Crawled caption data
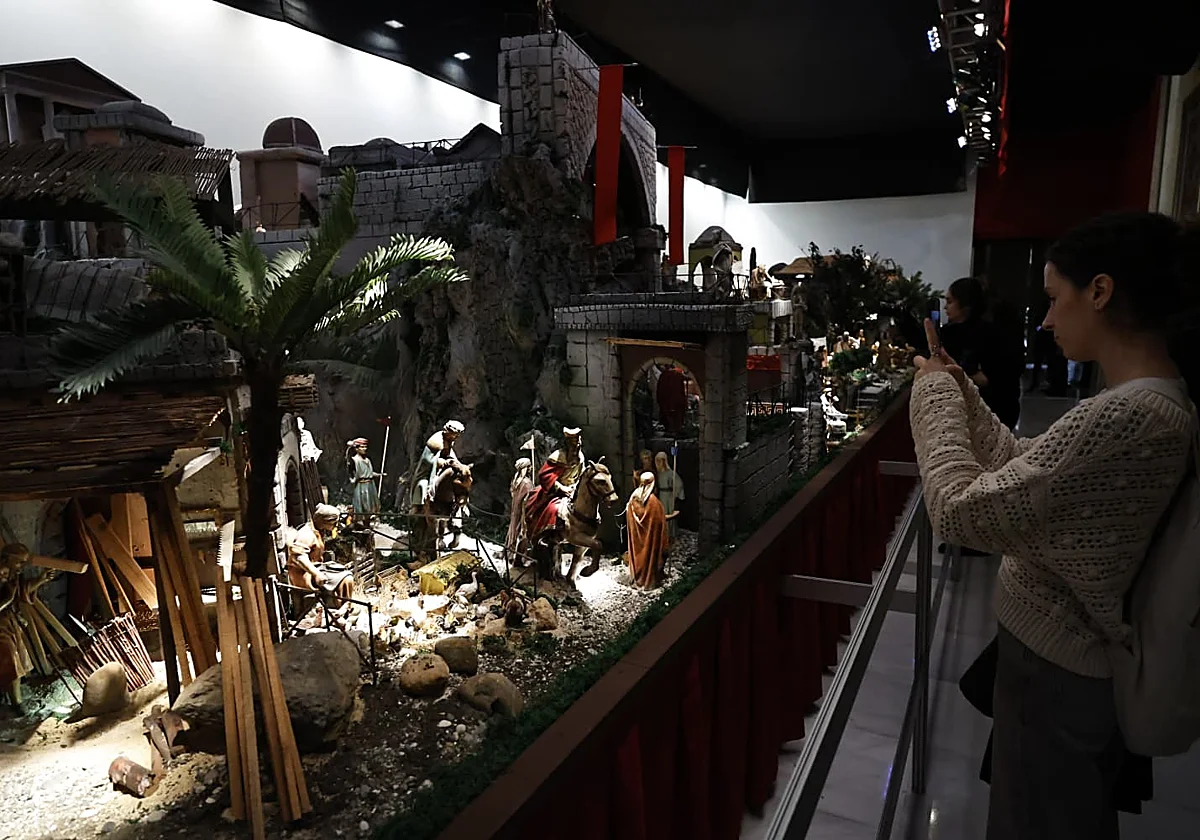 400 Figuren und sieben biblische Szenen: das ist die Weihnachtskrippe des Rathauses von Málaga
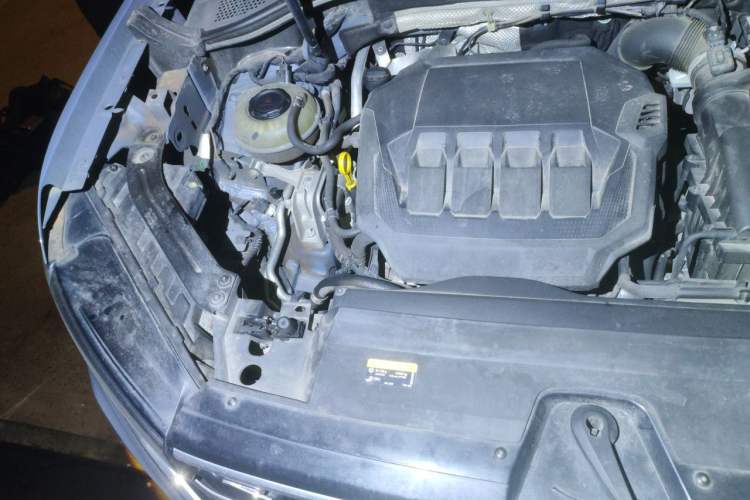 Used Volkswagen Tayron X 2020 330TSI Two-Wheel Drive Luxury Smart Connectivity Version Engine Bay Right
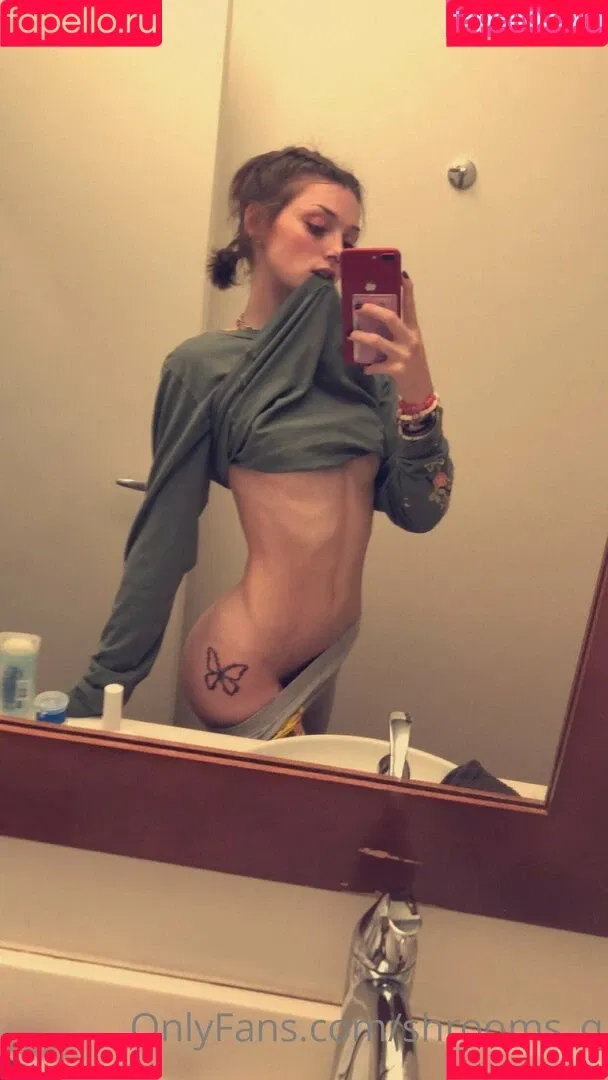 shrooms_q Onlyfans Photo Gallery 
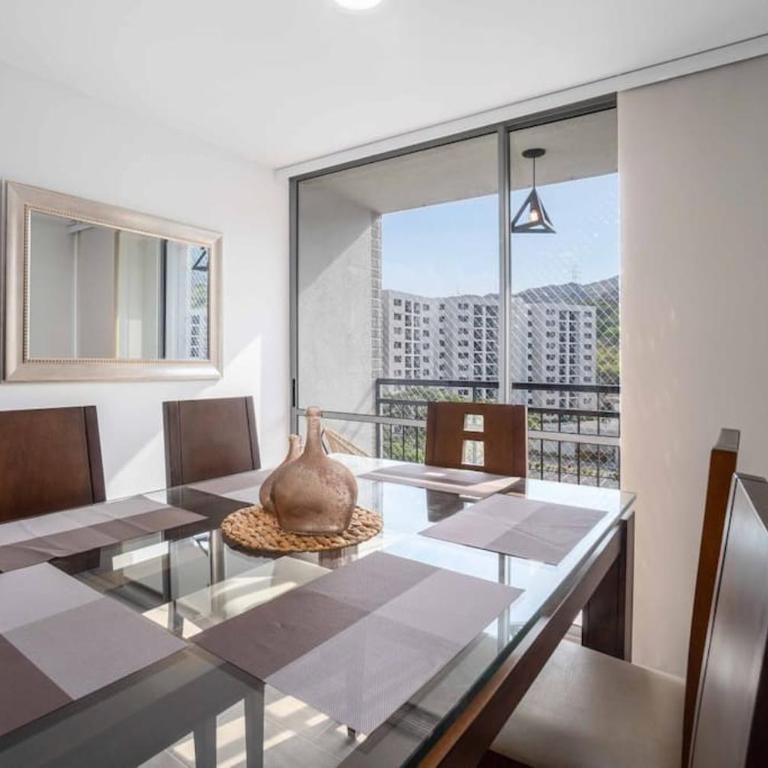 Apto en Ciudad Guabinas - via Cali -Yumbo con piscina y Aires - Apartamento de 2 dormitorios - 3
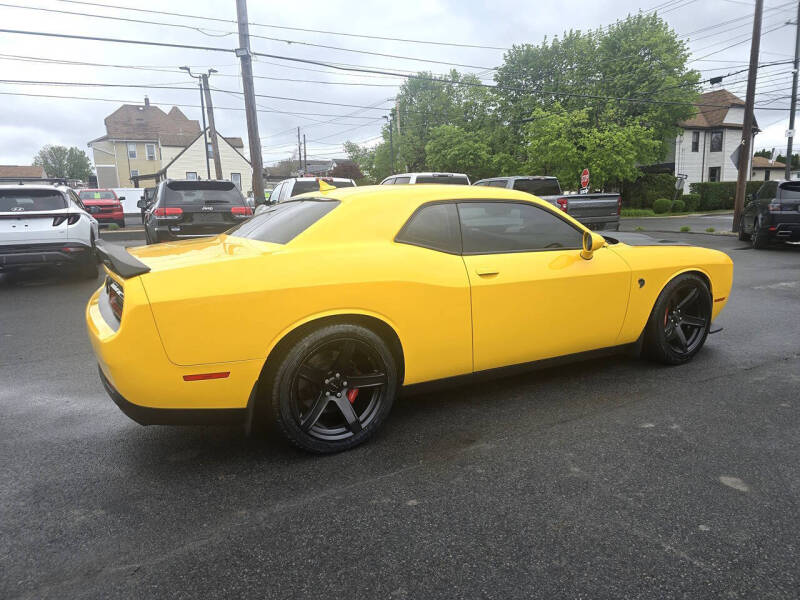 2017 Dodge Challenger SRT Hellcat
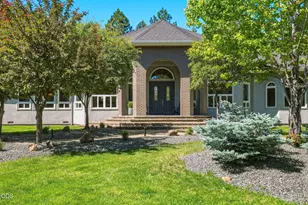 3729 NW Summerfield Rd, Bend, OR 97703 - Photo 2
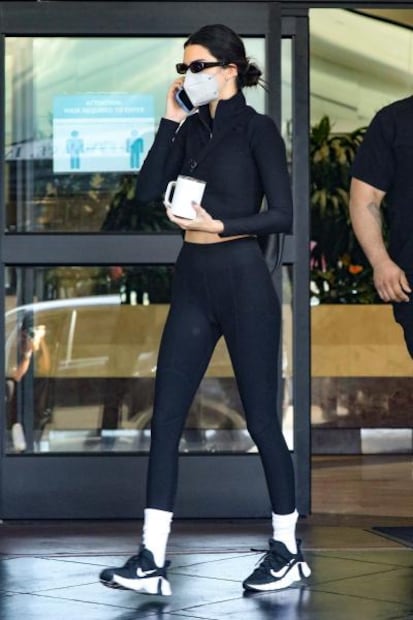Los leggings negros con los que Kendall Jenner presumió su silueta en LA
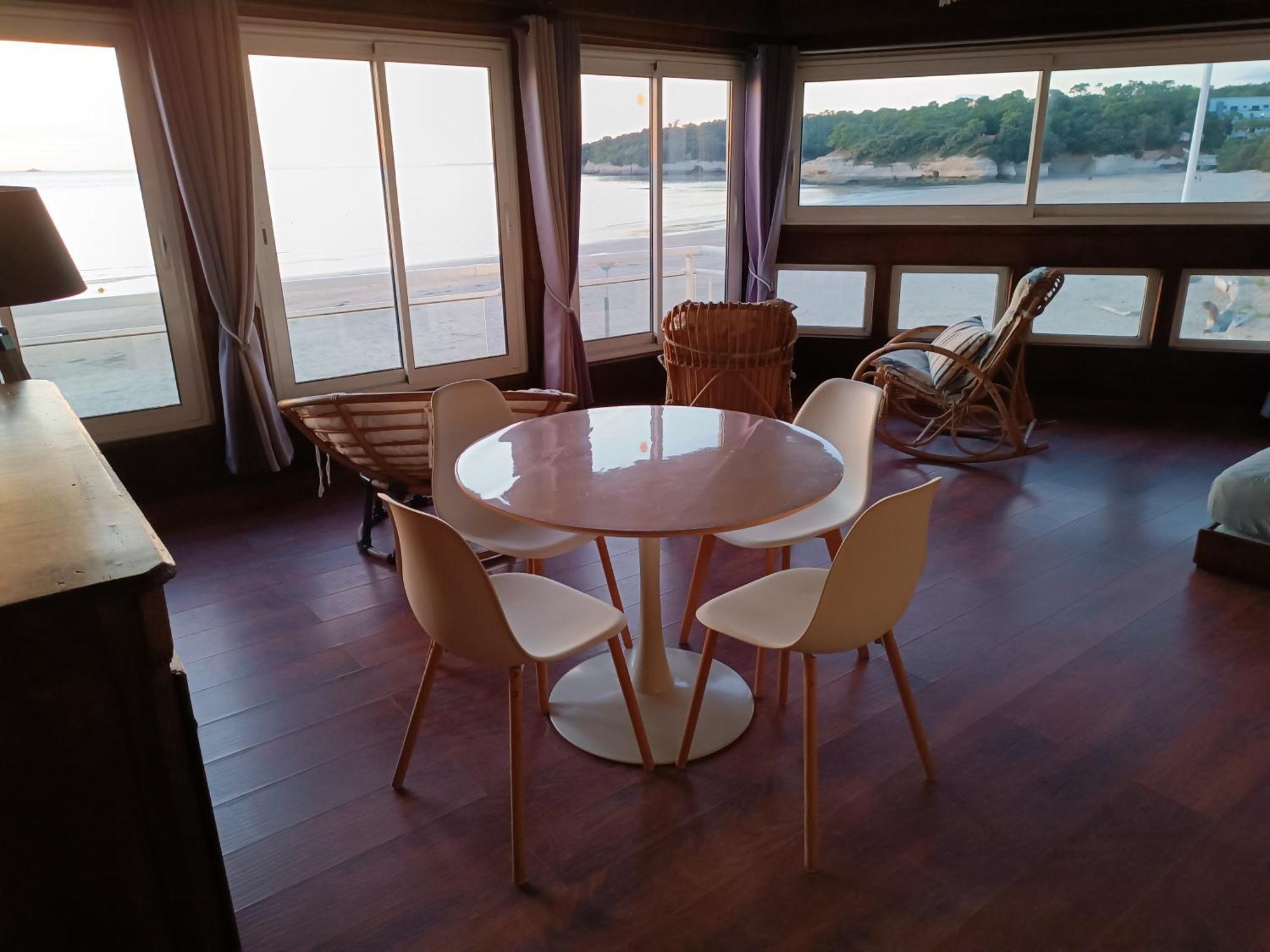 Beach Apartment - Ocean Sunset Full View ميشيرس سور جيغوند المظهر الخارجي الصورة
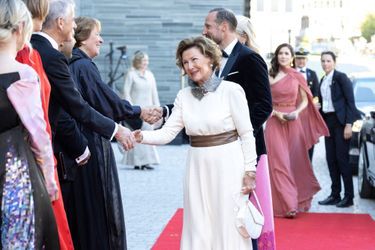 La reine Sonja de Norvège avec le prince Haakon et la princesse Mette-Marit et la princesse Mary de Danemark à Oslo, le 10 juin 2022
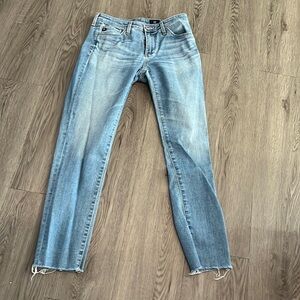 AG Preloved jeans size 25R💙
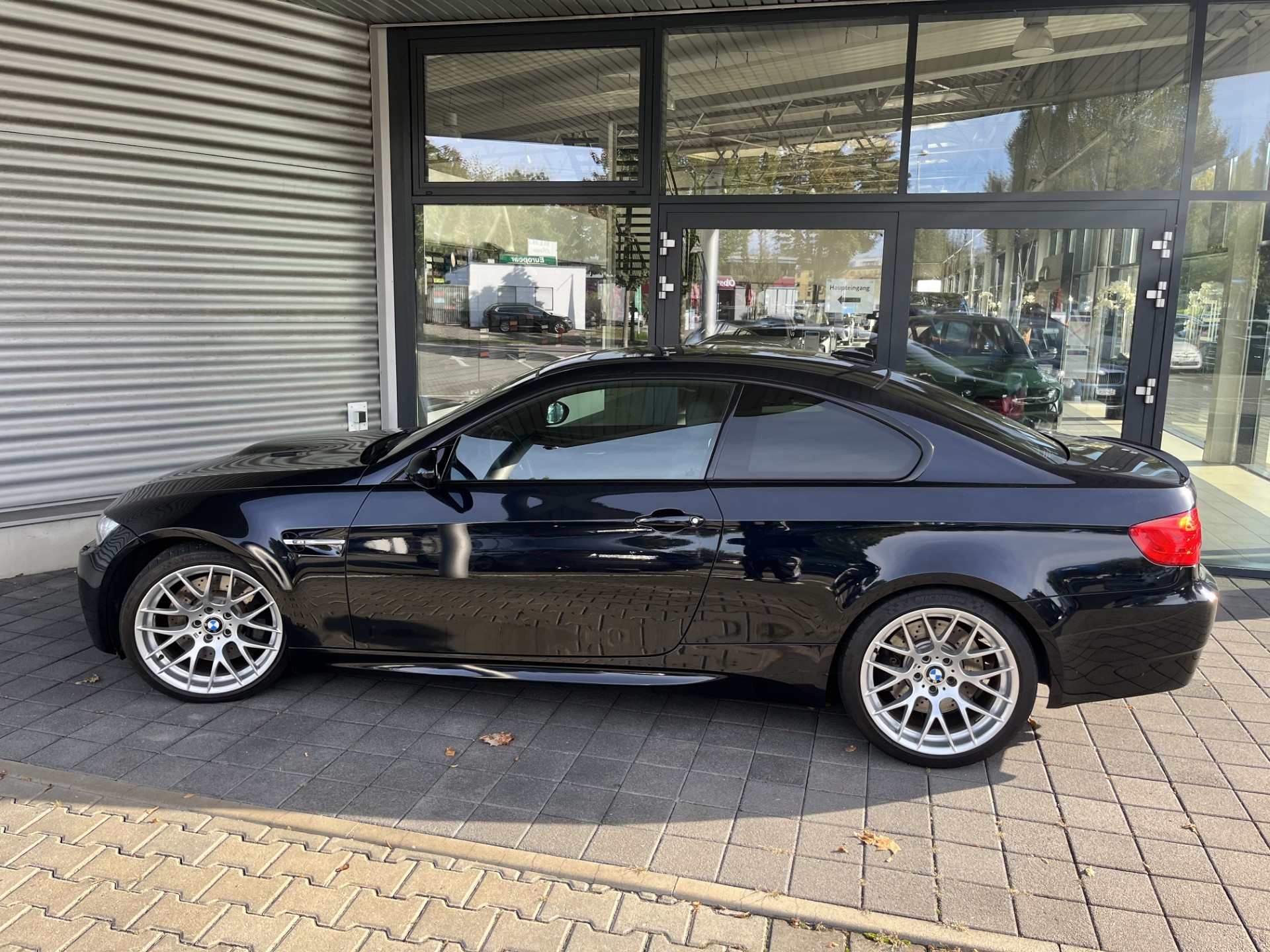 BMW M3 Competition / frisch ab Service / komplett Original-image-0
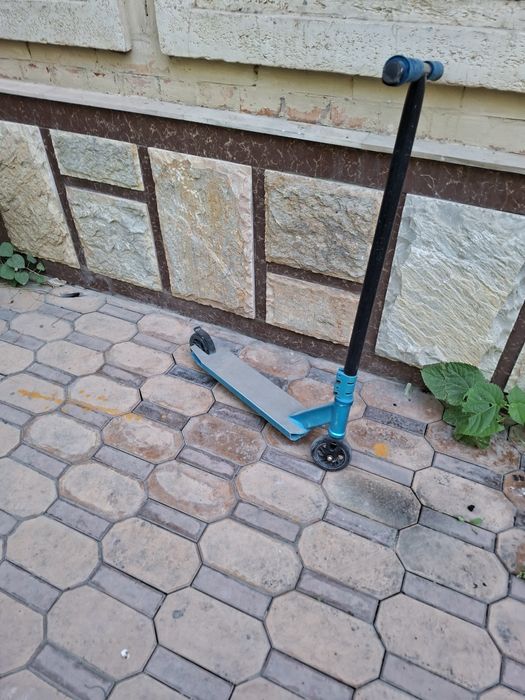 Самокат трюковой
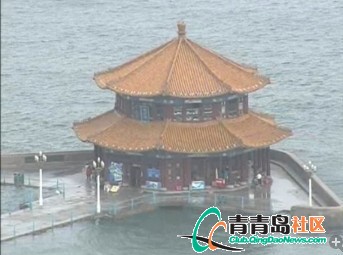 台风达维来袭 网友实拍青岛前海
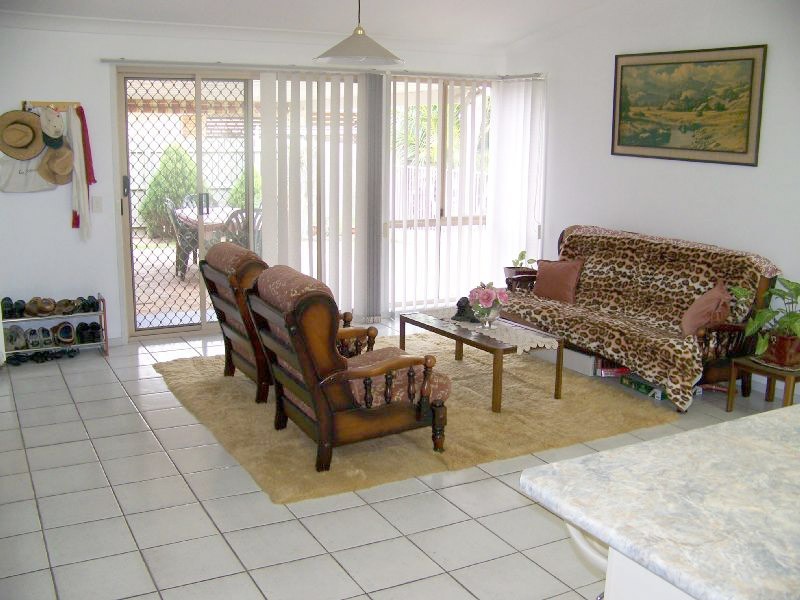 41 Plaza Street, Wynnum West QLD 4178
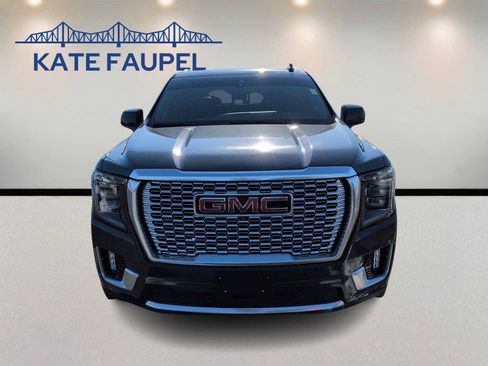 Used 2021 GMC Yukon Denali w/ Denali Premium Package AWD/4WD image 2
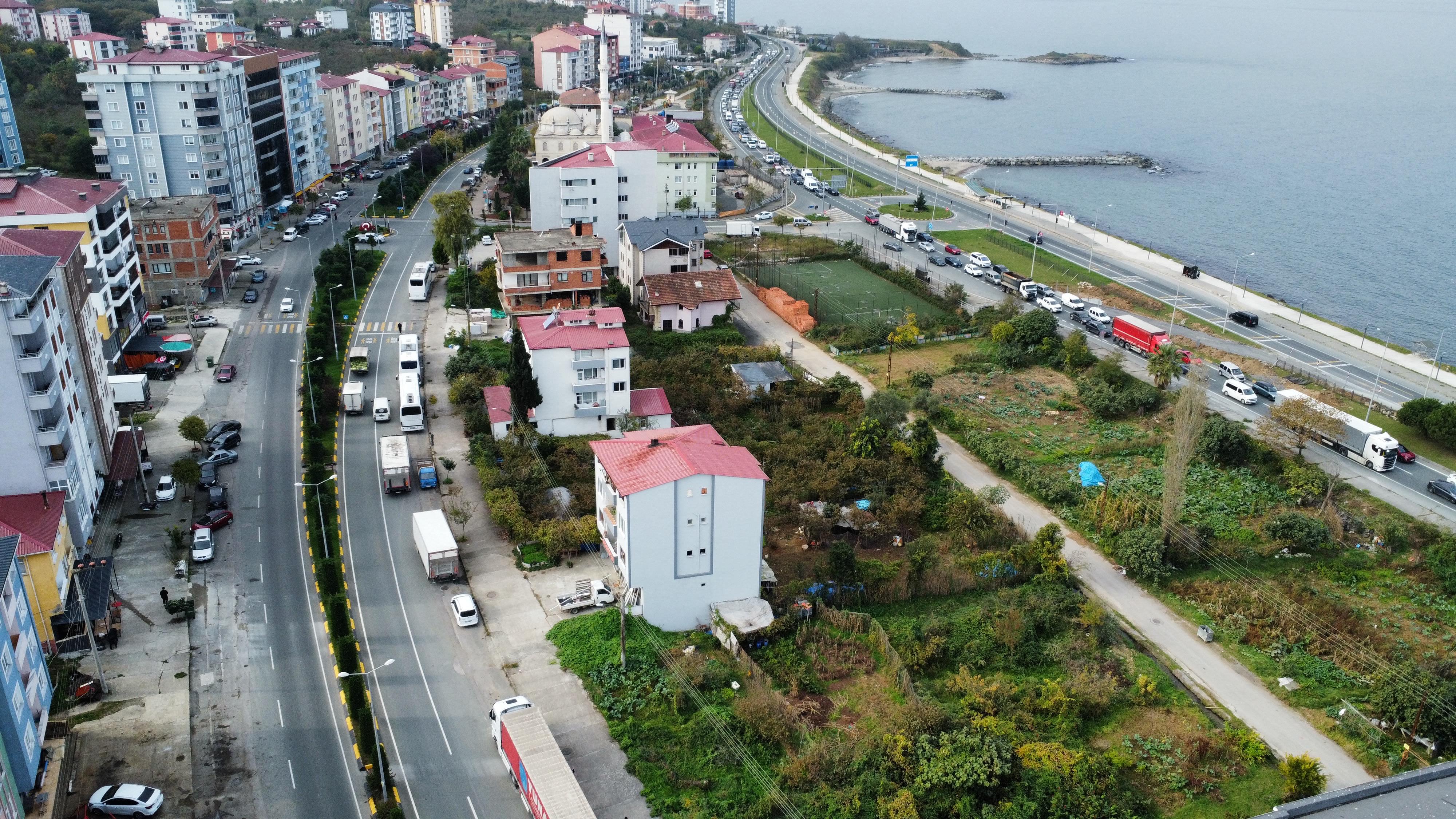 MABEL GAYRİMENKUL YEŞİLYALI YOL ÜSTÜ YATIRIMLIK İMARLI ARSA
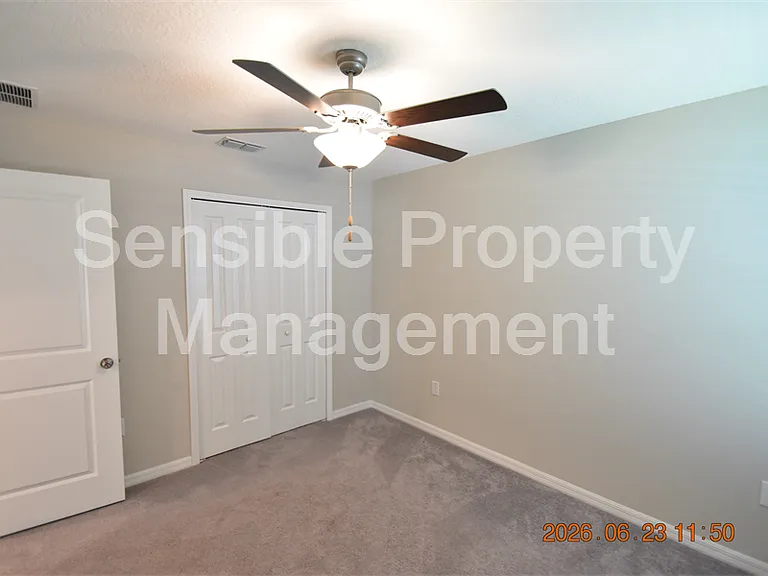 13021 Meadow Pond Pl — Photo 25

### PROBLEM DETAILS
From the line that contains "BMW M3 Competition" through the last line of the entries, transcribe every line exactly, leaving out the pictures.

### EXERCISE OUTPUT
 BMW M3 Competition / frisch ab Service / komplett Original-image-0
 Самокат трюковой
 台风达维来袭 网友实拍青岛前海
 41 Plaza Street, Wynnum West QLD 4178
 Used 2021 GMC Yukon Denali w/ Denali Premium Package AWD/4WD image 2
 MABEL GAYRİMENKUL YEŞİLYALI YOL ÜSTÜ YATIRIMLIK İMARLI ARSA
 13021 Meadow Pond Pl — Photo 25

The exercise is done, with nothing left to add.